The Putative Role of Thyroid Hormones and Vitamin D on Severity and Quality of Life in Psoriasis.

INTRODUCTION: Psoriasis is a chronic immune-mediated inflammatory skin disease. The thyroid hormone receptors are expressed in human skin and the hormones exert their effects on epidermal proliferation and differentiation; they have been hypothesized to play a role in the pathogenesis of psoriasis. Vitamin D is involved in the maintenance of cutaneous barrier homeostasis. Several studies identified an association between polymorphisms of Vitamin D receptor and psoriasis susceptibility. SUBJECTS AND METHODS: Thirty clinically diagnosed psoriasis patients in the age group between 20 and 50 years of both genders attending the outpatient department of dermatology were included as cases. Thirty healthy subjects attending routine health checkup were included as controls. Serum 25 hydroxycholecalciferol was estimated in Mini Vidas autoanalyzer by immunofluorescence technique and Thyroid stimulating hormone (TSH), free T3, and free T4 were estimated by chemiluminescence technology in Cobas e411. Dermatology quality of life index (DLQI) and psoriasis area severity index (PASI) questionnaire was used to assess the quality of life and severity of psoriasis respectively.
RESULTS: TSH level was significantly increased in psoriasis cases when compared to healthy controls but within reference range (P < 0.05). There is a significant negative correlation between PASI and 25-hydroxycholecalciferol and significant negative correlation between PASI and DLQI.
CONCLUSION: Our study emphasizes the relationship between biochemical markers, severity of psoriasis, and quality of life. A multimodal holistic approach is needed for the treatment of psoriasis. Psychological support for stress management, drug therapy, and biochemical markers assessment for severity of psoriasis are the need of the hour.
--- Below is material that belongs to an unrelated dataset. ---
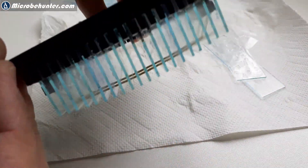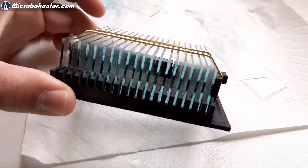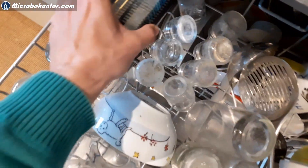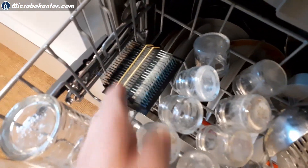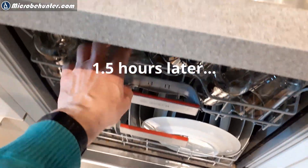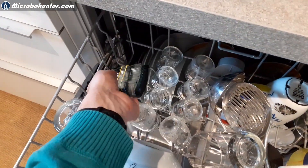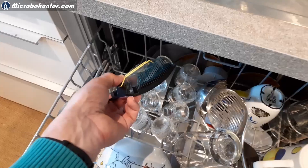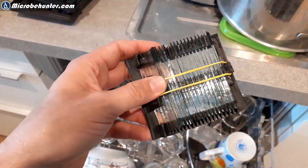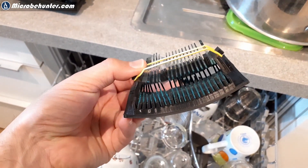I simply used a rubber band to hold everything down because I did not want the slides to fall out during the dishwashing process, as there is a forceful water stream. I placed it directly next to my dishes and gave it a try. After approximately one and a half hours I inspected the slides and discovered that unfortunately the slide tray was not stable enough, the rubber band pulled everything together, and the heat of the dishwashing process deformed the tray.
Copyright:

Introduction

Psoriasis is a chronic immune-mediated inflammatory skin disease, with a prevalence of about 2%–3% in the general population.[1] The primary manifestation of psoriasis is on the skin, although inflammatory processes can occur also in other organs such as cardiovascular system, joints, and eyes.[2] Psoriasis is a prototypical T-cell-mediated inflammatory disease characterized by activation of antigen presenting cells and activation and expansion of Th-1 and Th-17 cells.[3] A moderate to large negative impact of the disease on the quality of life with an alteration of everyday activities was reported by a National Psoriasis Foundation Survey in about 75% of patients with psoriasis.[4]

Skin is the site of synthesis and metabolism of several neuropeptides including components of the hypothalamic–pituitary–adrenal (HPA) and hypothalamic–pituitary–thyroid axis and also a source of Vitamin D.[5] Any derangement of these axes may lead to or may be an indicator of various skin diseases. Since thyroid hormone receptors are expressed in human skin, and the hormones exert their effects on epidermal proliferation and differentiation, they have been hypothesized to play a role in the pathogenesis of psoriasis.[6] Genetic, environmental, immune defect and hormonal factors take part in the pathogenesis of autoimmune diseases. The role of various hormones such as thyroid-stimulating hormone, cortisol, prolactin, and thyroid hormones in the pathogenesis of psoriasis has been studied previously.[7] The severity of the disease has been correlated with levels of thyroid hormones, since like prolactin, the thyroid hormone receptors are expressed in the skin[8] and their levels change during the active phase of disease and alleviation of the disease by antithyroid therapy.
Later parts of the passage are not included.